International Journal of Radiation Oncology * Biology * Physics
Volume 53, Issue 3 , Pages 548-557, 1 July 2002

Randomized phase II chemotherapy and radiotherapy trial for patients with locally advanced inoperable non-small-cell lung cancer: long-term follow-up of RTOG 92-04 1

  • R Komaki, M.D.

      Affiliations

    • Corresponding Author InformationReprint requests to: Ritsuko Komaki, M.D., Department of Radiation Oncology, University of Texas M. D. Anderson Cancer Center, 1515 Holcombe Blvd., Box 97, Houston, TX 77030. USA Tel: 713-792-3420; Fax: 713-745-5573
    • The University of Texas M. D. Anderson Cancer Center, Houston, TX, USA
  • ,
  • W Seiferheld, M.S.

      Affiliations

    • Radiation Therapy Oncology Group Headquarters, Philadelphia, PA, USA
  • ,
  • D Ettinger, M.D.

      Affiliations

    • Johns Hopkins Hospitals, Baltimore, MD, USA
  • ,
  • J.S Lee, M.D.

      Affiliations

    • The University of Texas M. D. Anderson Cancer Center, Houston, TX, USA
  • ,
  • B Movsas, M.D.

      Affiliations

    • Fox Chase Cancer Center, Philadelphia, PA, USA
  • ,
  • W Sause, M.D.

      Affiliations

    • Latter Day Saints Hospital, Salt Lake City, UT, USA

Received 1 November 2001; received in revised form 1 February 2002; accepted 6 February 2002.

Abstract 

: The standard treatment for patients with locally advanced inoperable non-small-cell lung cancer and good prognostic factors has become combined chemotherapy (ChT) and radiotherapy (RT). However, the sequencing of the two modalities, as well as fractionation of RT, has been controversial. The Radiation Therapy Oncology Group (RTOG) Study 92-04 was a randomized Phase II study designed to evaluate further the toxicity and efficacy of 2 different strategies of chemoradiation evaluated in 2 prior RTOG Phase II studies.

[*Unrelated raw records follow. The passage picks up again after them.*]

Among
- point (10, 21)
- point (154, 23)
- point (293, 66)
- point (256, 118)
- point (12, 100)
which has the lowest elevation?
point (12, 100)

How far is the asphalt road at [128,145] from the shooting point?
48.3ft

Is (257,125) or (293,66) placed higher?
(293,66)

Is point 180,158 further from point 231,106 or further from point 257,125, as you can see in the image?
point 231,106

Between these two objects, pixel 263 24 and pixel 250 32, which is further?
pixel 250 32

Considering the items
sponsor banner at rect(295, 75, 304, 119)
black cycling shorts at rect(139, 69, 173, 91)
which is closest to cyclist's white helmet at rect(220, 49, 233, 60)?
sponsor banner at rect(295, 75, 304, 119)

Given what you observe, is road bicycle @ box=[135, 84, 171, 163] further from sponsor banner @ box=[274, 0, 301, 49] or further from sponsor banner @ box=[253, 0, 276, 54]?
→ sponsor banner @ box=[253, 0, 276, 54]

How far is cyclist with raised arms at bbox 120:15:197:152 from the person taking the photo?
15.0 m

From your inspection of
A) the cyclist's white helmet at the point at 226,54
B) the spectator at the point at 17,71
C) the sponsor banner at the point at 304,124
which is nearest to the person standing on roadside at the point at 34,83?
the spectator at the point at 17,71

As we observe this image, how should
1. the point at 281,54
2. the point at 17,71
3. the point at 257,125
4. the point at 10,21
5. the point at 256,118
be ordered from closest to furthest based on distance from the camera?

: Patients with Stage II or III medically inoperable or unresectable non-small-cell lung cancer, good performance status, and minimal weight loss were enrolled into a prospective randomized Phase II RTOG study. Arm 1 consisted of induction ChT (vinblastine 5 mg/m2 i.v. bolus weekly for the first 5 weeks, and cisplatin, 100 mg/m2 i.v. on Days 1 and 29) followed by concurrent ChT/RT (cisplatin 75 mg/m2 i.v. on Days 50, 71, and 92) during thoracic radiotherapy (63 Gy in 34 fractions during 7 weeks starting on Day 50). Arm 2 was concurrent ChT and hyperfractionated RT starting on Day 1 with a total dose of 69.6 Gy in 58 fractions during 6 weeks, 1.2 Gy/fraction b.i.d. ChT consisted of cisplatin, 50 mg/m2 i.v. on Days 1 and 8, and oral VP-16, 50 mg b.i.d. for 10 days only on the days of thoracic radiotherapy repeated on Day 29.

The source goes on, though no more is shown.